TRY IT — Report the count of lines in the records below that hold the word "subscribe", omitting everything but the number.
=== EXTRACTED INFORMATION ===
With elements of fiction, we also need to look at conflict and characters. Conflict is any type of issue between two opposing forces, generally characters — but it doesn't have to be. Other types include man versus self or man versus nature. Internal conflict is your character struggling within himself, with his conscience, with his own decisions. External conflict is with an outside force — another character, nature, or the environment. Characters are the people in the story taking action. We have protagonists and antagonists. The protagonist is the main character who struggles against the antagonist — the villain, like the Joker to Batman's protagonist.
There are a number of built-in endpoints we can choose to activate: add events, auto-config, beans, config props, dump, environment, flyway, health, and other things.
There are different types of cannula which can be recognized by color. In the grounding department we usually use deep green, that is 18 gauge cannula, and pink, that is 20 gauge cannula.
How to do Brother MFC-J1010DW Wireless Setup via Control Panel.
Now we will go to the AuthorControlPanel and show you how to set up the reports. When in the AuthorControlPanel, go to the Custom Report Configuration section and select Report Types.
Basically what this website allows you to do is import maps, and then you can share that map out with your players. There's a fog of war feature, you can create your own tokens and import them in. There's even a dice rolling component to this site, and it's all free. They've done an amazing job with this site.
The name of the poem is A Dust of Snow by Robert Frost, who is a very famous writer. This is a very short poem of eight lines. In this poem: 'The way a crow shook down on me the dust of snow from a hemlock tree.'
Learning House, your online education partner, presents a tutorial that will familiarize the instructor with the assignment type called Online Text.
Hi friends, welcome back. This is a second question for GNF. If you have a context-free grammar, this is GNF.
===
=== EXTRACTED INFORMATION ===
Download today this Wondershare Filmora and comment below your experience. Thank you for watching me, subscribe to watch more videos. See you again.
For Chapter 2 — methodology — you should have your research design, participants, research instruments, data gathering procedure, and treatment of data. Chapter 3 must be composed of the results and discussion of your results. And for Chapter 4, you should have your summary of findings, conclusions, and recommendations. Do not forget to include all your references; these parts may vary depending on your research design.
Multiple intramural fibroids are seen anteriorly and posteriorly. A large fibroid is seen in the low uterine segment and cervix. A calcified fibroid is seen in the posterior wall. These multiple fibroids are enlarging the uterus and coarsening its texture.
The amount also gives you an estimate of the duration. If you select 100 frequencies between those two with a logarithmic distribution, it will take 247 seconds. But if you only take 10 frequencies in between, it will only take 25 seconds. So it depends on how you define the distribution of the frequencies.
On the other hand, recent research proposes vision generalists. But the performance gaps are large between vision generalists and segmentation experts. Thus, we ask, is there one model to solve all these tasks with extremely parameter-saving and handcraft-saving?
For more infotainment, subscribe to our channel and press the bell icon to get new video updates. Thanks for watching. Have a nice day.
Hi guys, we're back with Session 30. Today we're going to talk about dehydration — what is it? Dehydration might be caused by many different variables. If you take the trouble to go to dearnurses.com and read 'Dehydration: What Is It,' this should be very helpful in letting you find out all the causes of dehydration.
===
EXERCISE OUTPUT — 2